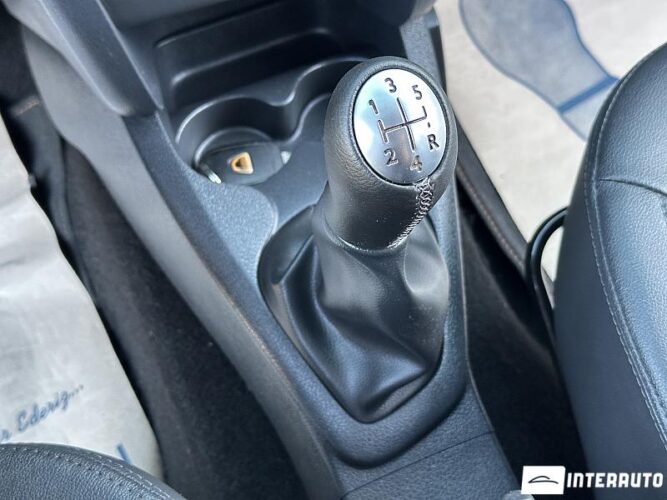 Dacia Sandero Stepway 41 dacia Sandero Stepway 2017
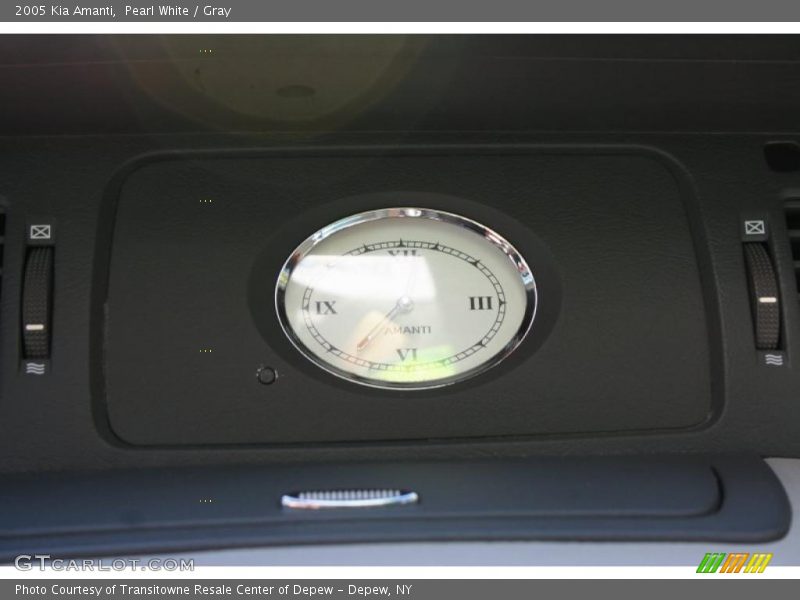 Pearl White / Gray 2005 Kia Amanti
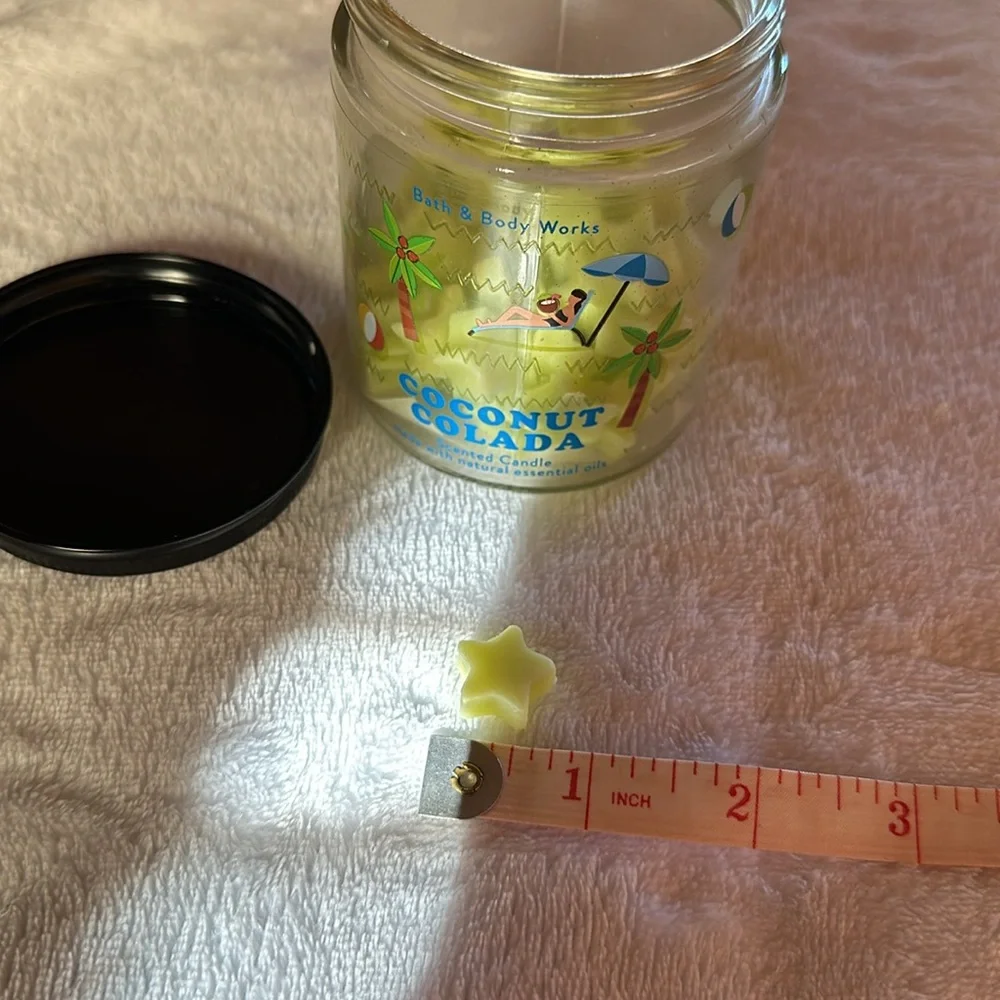 Bath & Body Works Coconut Colada Hand Poured Wax Melts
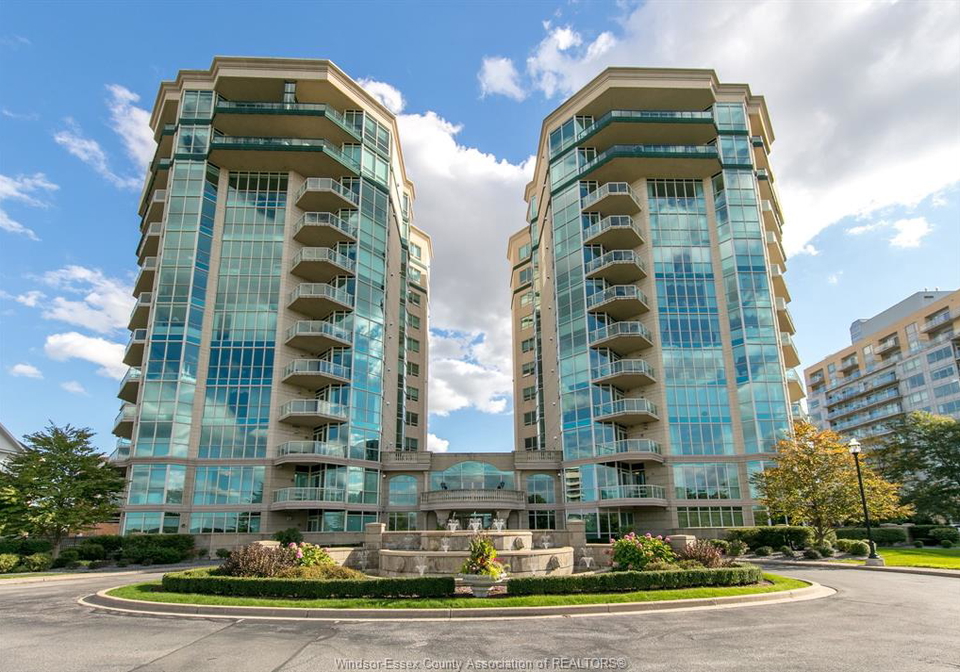 5055-riverside-drive-east-windsor-ontario-26022442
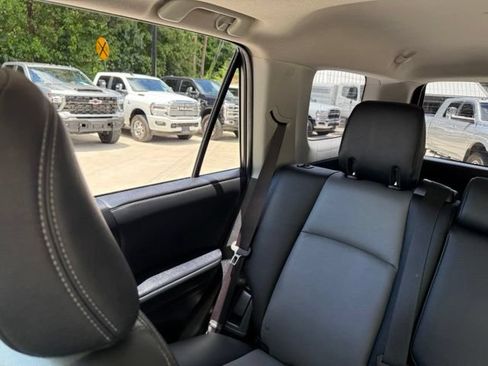 Used 2020 Toyota 4Runner SR5 Premium w/ Moonroof Package AWD/4WD image 51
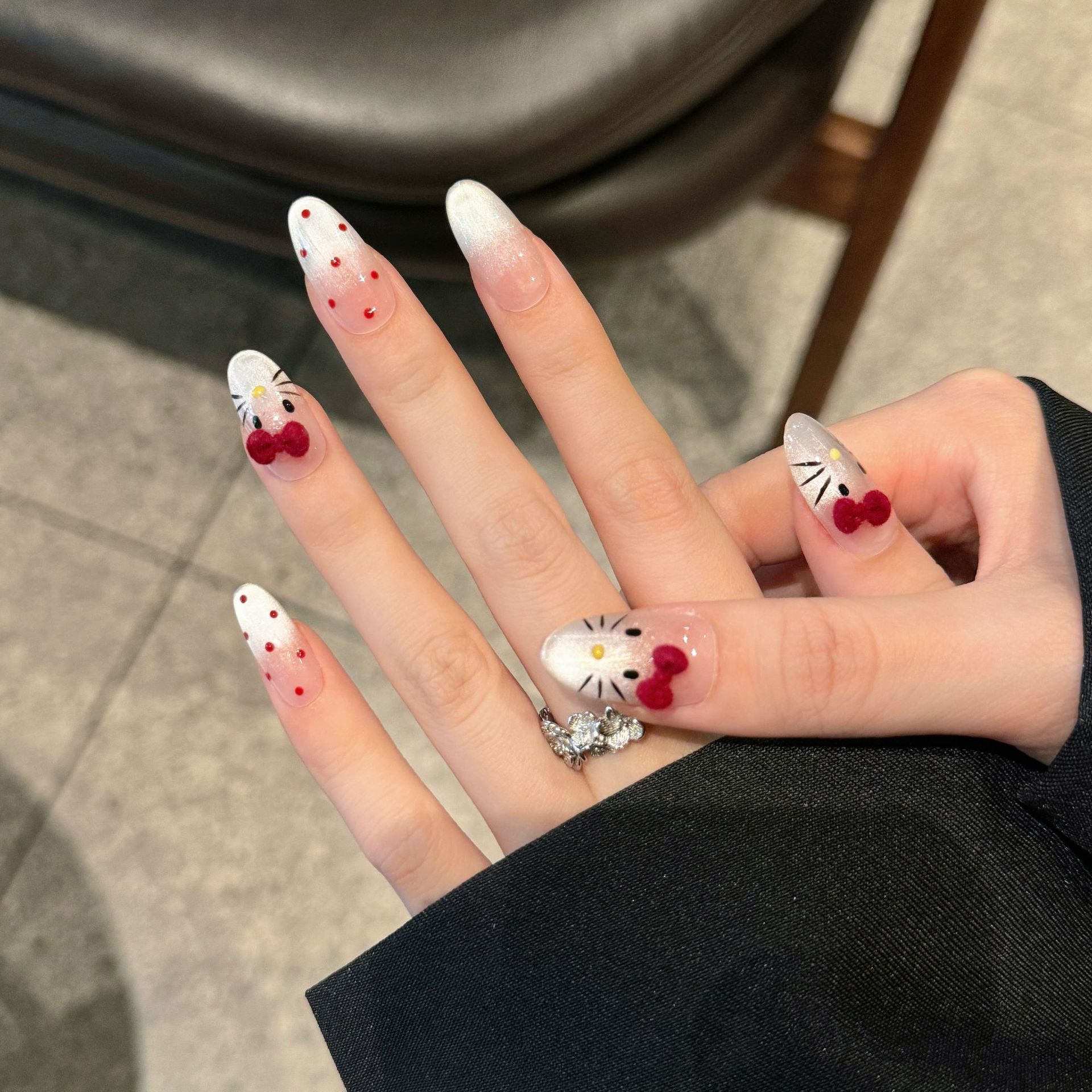 10 قطع من الأظافر الاصطناعية ا - مراجعة Nail Art Cat Eye وسعره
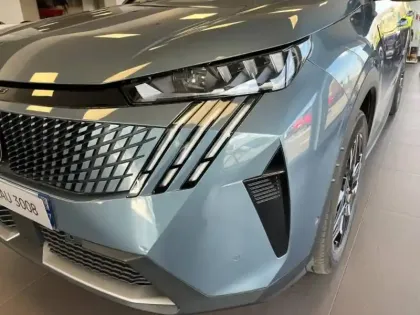 Photo 6 Peugeot 3008 Gén. III Ph1 GT 5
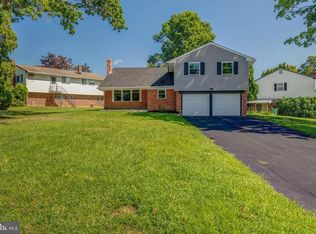 214 Hemlock Ln, Springfield, PA 19064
********
Within the material above, find the part that opens with the line containing "Pearl White / Gray 2005 Kia Amanti" and closes with the line containing "10 قطع من الأظافر", and reproduce it exactly without the pictures.

Your solution:
 Pearl White / Gray 2005 Kia Amanti
 Bath & Body Works Coconut Colada Hand Poured Wax Melts
 5055-riverside-drive-east-windsor-ontario-26022442
 Used 2020 Toyota 4Runner SR5 Premium w/ Moonroof Package AWD/4WD image 51
 10 قطع من الأظافر الاصطناعية ا - مراجعة Nail Art Cat Eye وسعره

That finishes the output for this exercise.